Ridgeley convinced a reluctant Michael that Wham! needed to change their image and their sound frequently, from the leather-clad moody singers of “Bad Boys” and “Young Guns (Go for It!)” to the more fashionable pop superstars of “Wake Me Up Before You Go-Go”. Wham! returned in 1984 with an updated pop image. In a process begun by the video to “Club Tropicana” on the previous album, Ridgeley changed the band’s look from “moody in leather jackets” to smiles and fashionable clothing, with a view to promoting themselves more as hedonistic sex symbols rather than spokesmen for a disaffected generation.
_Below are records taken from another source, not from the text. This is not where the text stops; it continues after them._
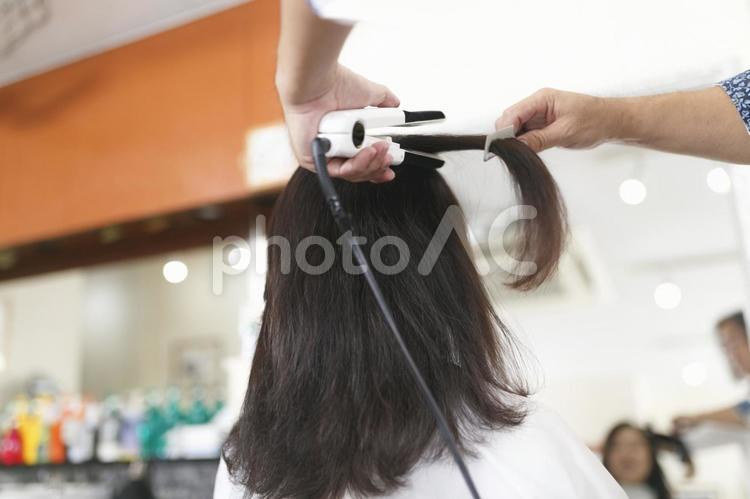 美容院で髪を綺麗にしてもらう女性 アジア人,ヘア,ヘアアイロンの写真素材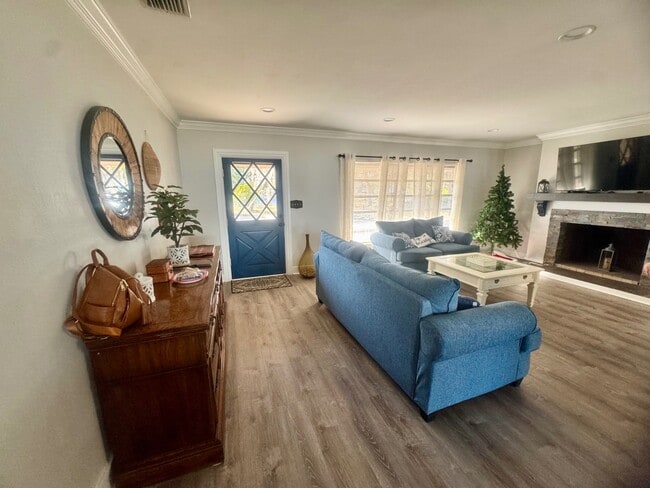 Building Photo - 734 Memorial Dr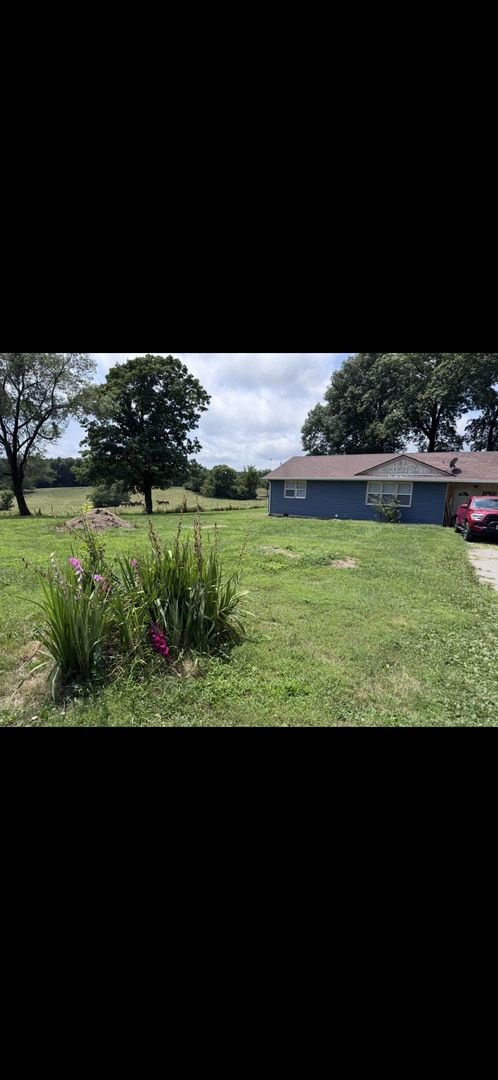Building Photo - 707 S Rustic Rd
These changes helped to propel Wham!’s next single to the top of the charts around the world, “Wake Me Up Before You Go-Go”, a song that George Michael wrote after being inspired by a note left by Ridgeley to his parents. The note was mistakenly written by Ridgeley as “don’t forget to wake me up up before you go go”. Since he had accidentally written the word “up” twice, Ridgeley decided to compound the error and write “go” twice, as well. It became their first UK #1 single and rose to that position in the USA as well, accompanied by a memorable video of the duo, plus the ubiquitous Pepsi and Shirlie, wearing Katharine Hamnett T-shirts with the slogans “CHOOSE LIFE” and “GO GO”. The next single “Careless Whisper” was issued as a George Michael solo piece, yet unlike any Wham! single since “Wham Rap!”, it was credited as co-written by Ridgeley. The song, about a remorseful two-timer, had more emotional depth than previous releases. It quickly reached #1, selling over 1.3 million copies in the UK. “Careless Whisper” marked a new phase in George Michael’s career, as he somewhat distanced himself from Wham!’s playboy image. In the U.S.—so as not to confuse American listeners just being exposed to Wham!—the single was billed as “Wham! featuring George Michael”.
In the autumn of 1984, Wham! returned as a duo with “Freedom”, another UK chart-topper and the first single for quite some time to reach #1 in the UK without an accompanying video. Wham! subsequently decided to use a video edited together from footage of their historic China tour in time for “Freedom’s” U.S. single release. The group by then had achieved three number-one singles in a row. In November, they released their second album, Make It Big, which quickly climbed to #1 on the album charts, and the band set off on an arena tour at the end of 1984.
The double A-side single “Last Christmas/Everything She Wants” became the highest-selling single ever to peak at #2 in the UK charts. It stayed at #2 for five weeks and, to date, is the 24th best-selling single of all time in the United Kingdom, selling over 1.4 million copies in the UK. Wham! donated all their royalties from the single to the Ethiopian famine appeal to coincide with the fund-raising intentions of Band Aid’s “Do They Know It’s Christmas?”, the song which kept them out of the top spot. Nevertheless, Band Aid’s success meant that Michael had achieved #1 status in the UK within three separate entities in 1984—as a solo artist, as one half of a duo, and as part of a charity ensemble.
Several months after their UK releases, their three U.S. number-one singles in a row (and their only U.S number ones) were “Wake Me Up Before You Go-Go”, “Careless Whisper”, and “Everything She Wants”. “Freedom” hit number three. At the end of 1985, the U.S. Billboard charts listed “Wake Me Up Before You Go-Go” as the number-three song and “Careless Whisper” as the number-one song of the year.